> **Exercise prompt**:
Instruction for the entries below: return the part that opens with the line containing "Видео: АНИМЕ ☆" and closes with the line containing "YT PA 20 - Neuf xx - Cote 60 Euros", exactly, and no pictures.

Dataset content START

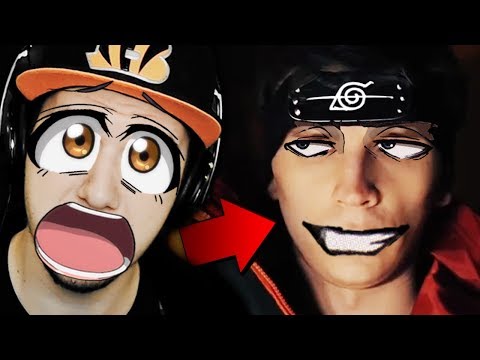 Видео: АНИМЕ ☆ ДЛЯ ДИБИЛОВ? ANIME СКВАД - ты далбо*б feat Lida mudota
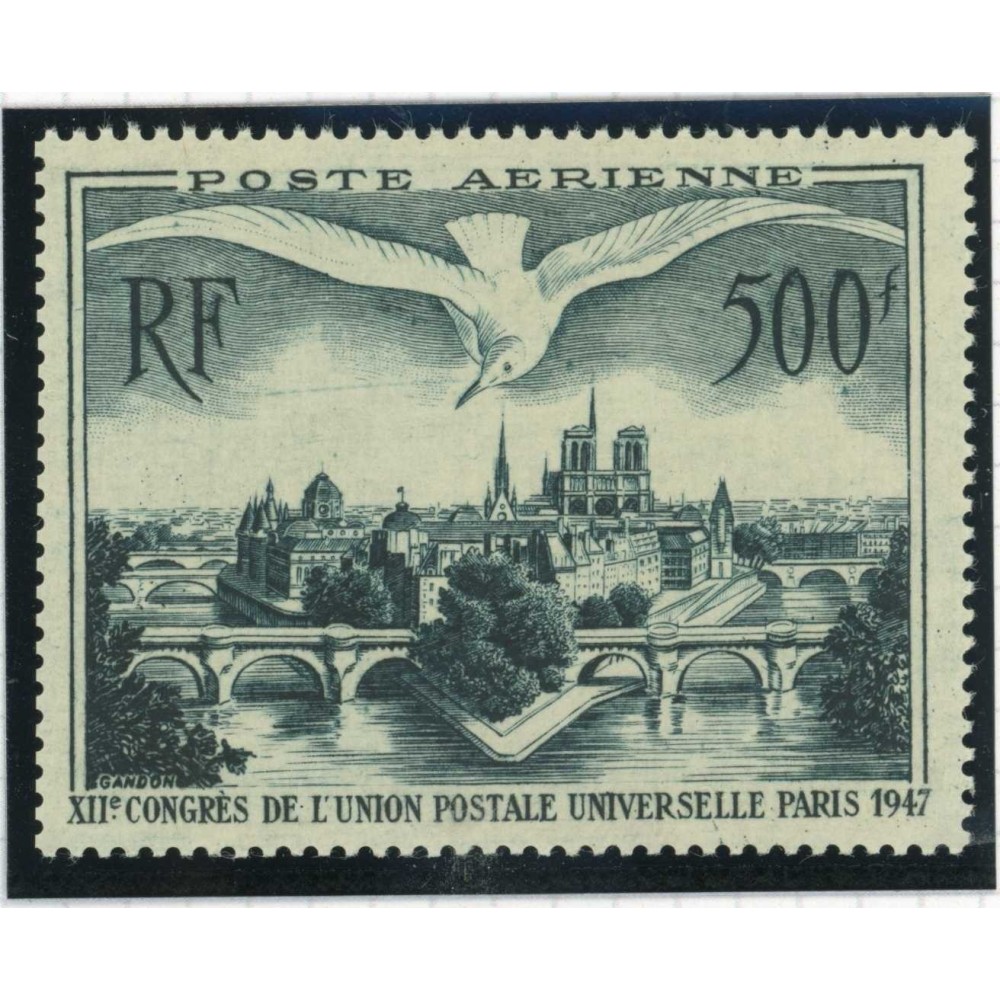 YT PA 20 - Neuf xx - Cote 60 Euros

Dataset content END
Dataset content START

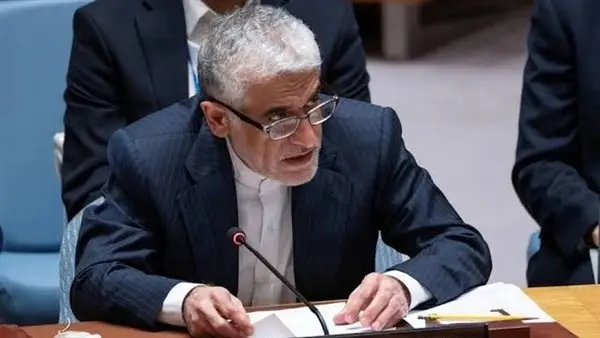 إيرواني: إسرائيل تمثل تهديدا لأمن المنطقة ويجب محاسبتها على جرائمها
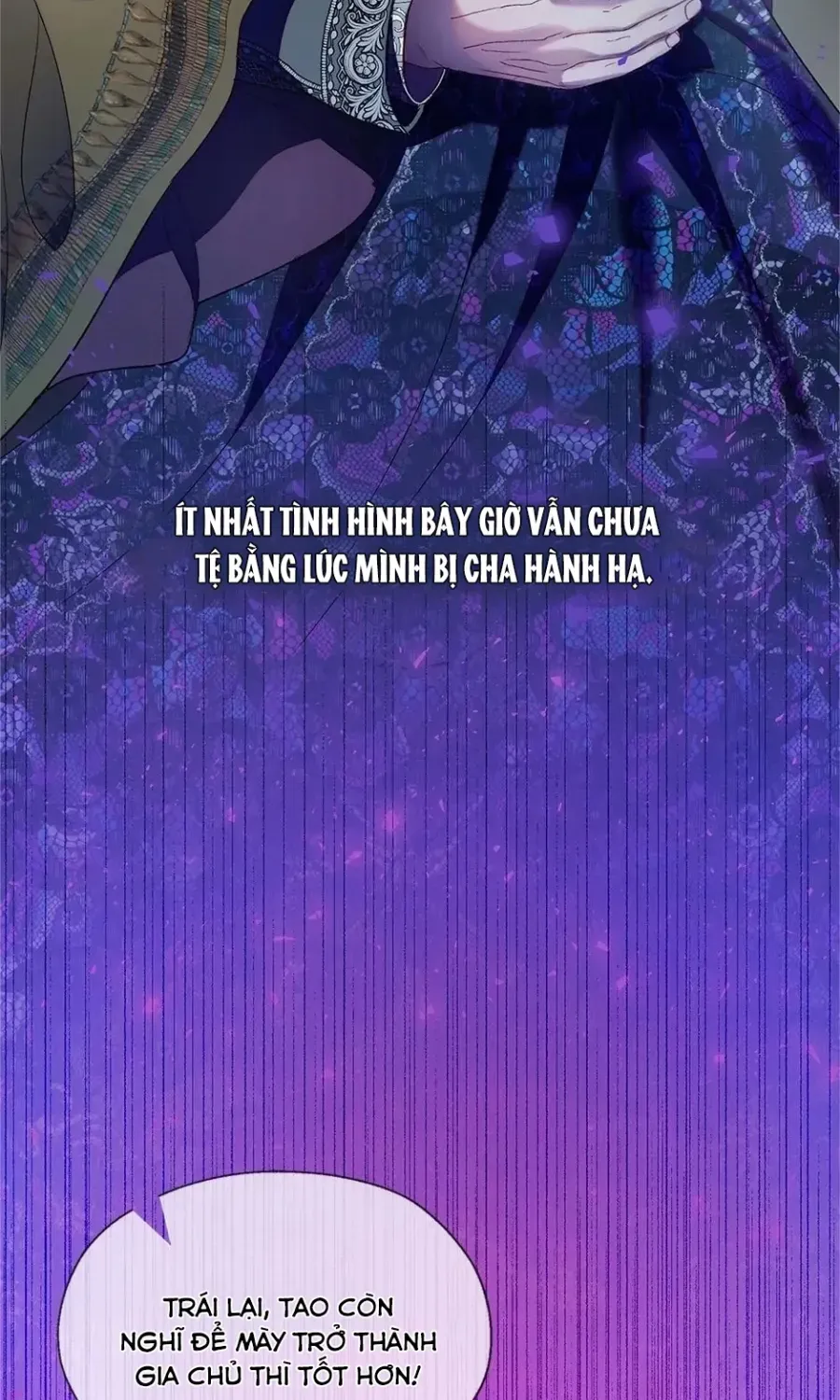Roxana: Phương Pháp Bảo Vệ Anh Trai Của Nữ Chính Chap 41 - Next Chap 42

Dataset content END

> **Task result**:
 Видео: АНИМЕ ☆ ДЛЯ ДИБИЛОВ? ANIME СКВАД - ты далбо*б feat Lida mudota
 YT PA 20 - Neuf xx - Cote 60 Euros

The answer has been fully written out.